How to Support Someone Who Has Experienced Trauma

How to Support Someone Who Has Experienced Trauma
October 23, 2018 Echo

What would we do if we could see every psychological wound ever inflicted as a physical bruise? We would see a lot of black and blue people walking around! We might also be more careful of each other, understanding the degree of suffering we each have endured.

One of the hardest things when you are in a relationship is that there is no trauma map to refer to and even as we get to know someone’s history and the things that activate past trauma, we are often bewildered or downright indignant when trauma rears its head and our loved ones lash out, retreat, get emotional for no understandable reason, or unfairly blame us for all kinds of wrongdoing.

How do you negotiate these and other manifestations of trauma? We have put together a infographic based on relationship lessons learned by trauma survivors and those who love them.

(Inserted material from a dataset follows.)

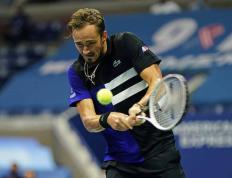 九游娱乐-阿扎伦卡巅峰对决，穆雷与70激战瑞士队分钟，绝杀胜负难料！的简单介绍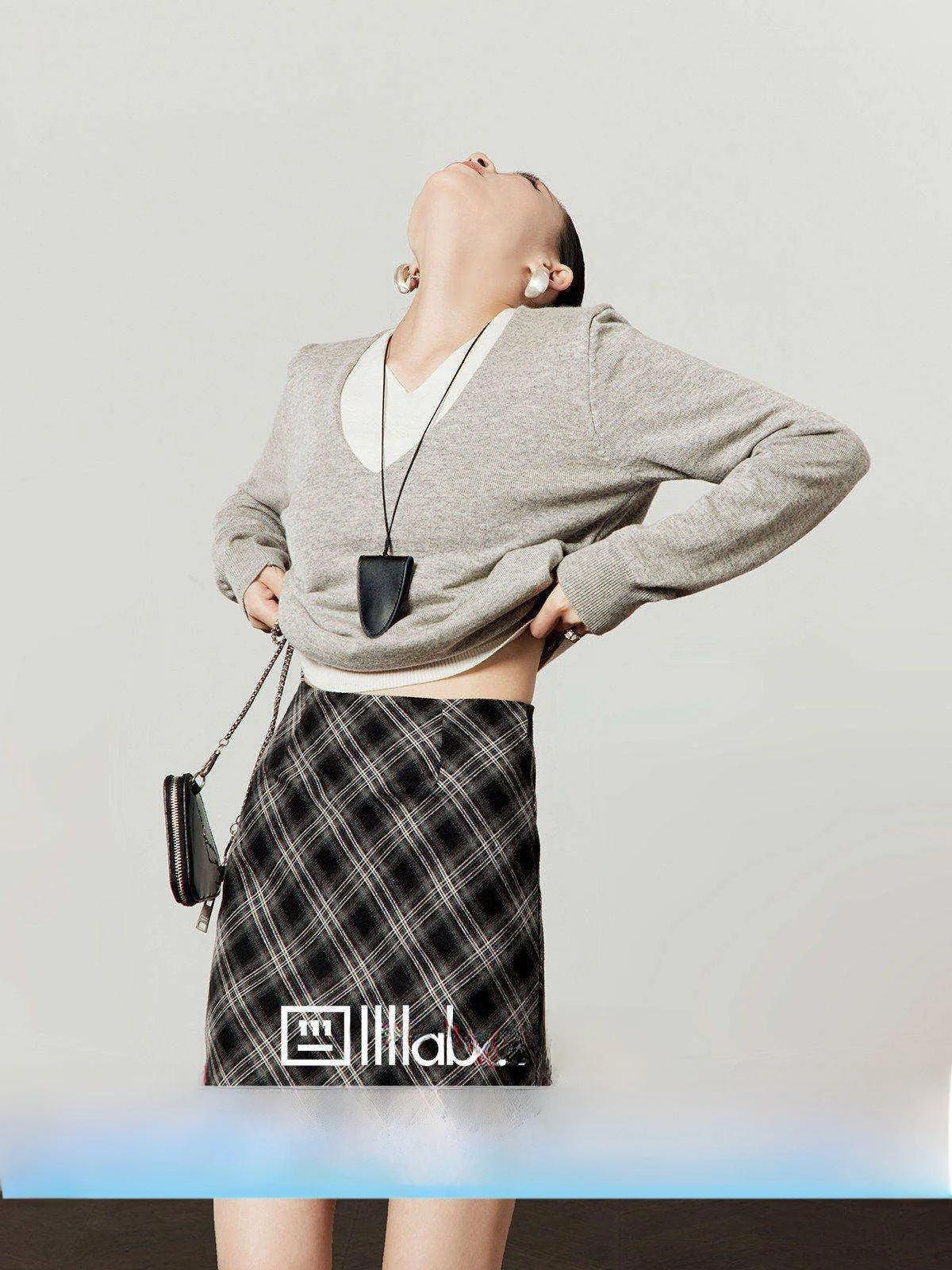 

Loose V-ne Knitwear Women's ey Top Spring 2026 New Color Blo Fake Two-Piece Sle Slimming Lazy Faion Casual Sweater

  1. Predictability: Everyone loves surprises! Not. Trauma survivors often prefer predictability because that feels safer.
  2. Space: Allow time for the survivor to calm down and take perspective. Remember that we trauma survivors often have difficulty regulating our emotions and take longer to calm down. Maybe support self-soothing, for example suggesting you both go for a walk, maybe stay well clear! If the survivor is caught up in the fight/flight response you may be mistaken for the enemy.
  3. Perspective: Be aware when ‘the past is intruding into the present.’ Don’t take responsibility for what is not yours… gently. You can own any insensitivity or lack of consideration that has provoked the reaction and yet separate it from whatever past trauma is fueling what would otherwise appear to be a disproportionate response. Remember there is no such thing as ‘over-reacting’ – the reaction is in direct proportion to the pain experienced in the past rather than in response to what’s happening now.
  4. Rid ‘over-reacting,’ ‘over-sensitive,’ ‘over’-anything from your vocabulary.
  5. Language: Don’t refer to ‘your upbringing, your problem, issues, behavior.’ This sounds like judgment or at the very least like the trauma survivor is somehow broken or the problem. Call it for what it is – trauma.
  6. Be kind, loving, patient… But empathetically set limits – you have needs too! It’s okay to talk about when the survivor’s reactions hurt you too. “I love you and I understand how scared/angry/sad you are… and it’s not okay to hurt me.” Whatever our trauma history, we must all learn to be accountable when we hurt others.
  7. Reciprocity: Most of us had parents who lacked skills in listening, empathy, tolerating uncomfortable feelings, empowerment… Give what you also need to receive [because that’s the best way of making sure you get it back. Make sure that you are getting these things somewhere in your life. If the survivor is your friend or romantic partner, be sure that there is a two-way street. However much you love someone who has experienced trauma, it is unhealthy if you become a savior, therapist, or martyr.
  8. Control and choice. Big trigger when a survivor is denied these. Confer, collaborate cooperate. Unilateral moves even when benevolent will not be appreciated! Trauma is about getting hurt when you had no power or control over the situation, and it is immensely activating when the trauma survivor experiences that powerlessness again. If you want one way to ensure one of the fight/flight/freeze/collapse survival responses, taking away control is the way to do it!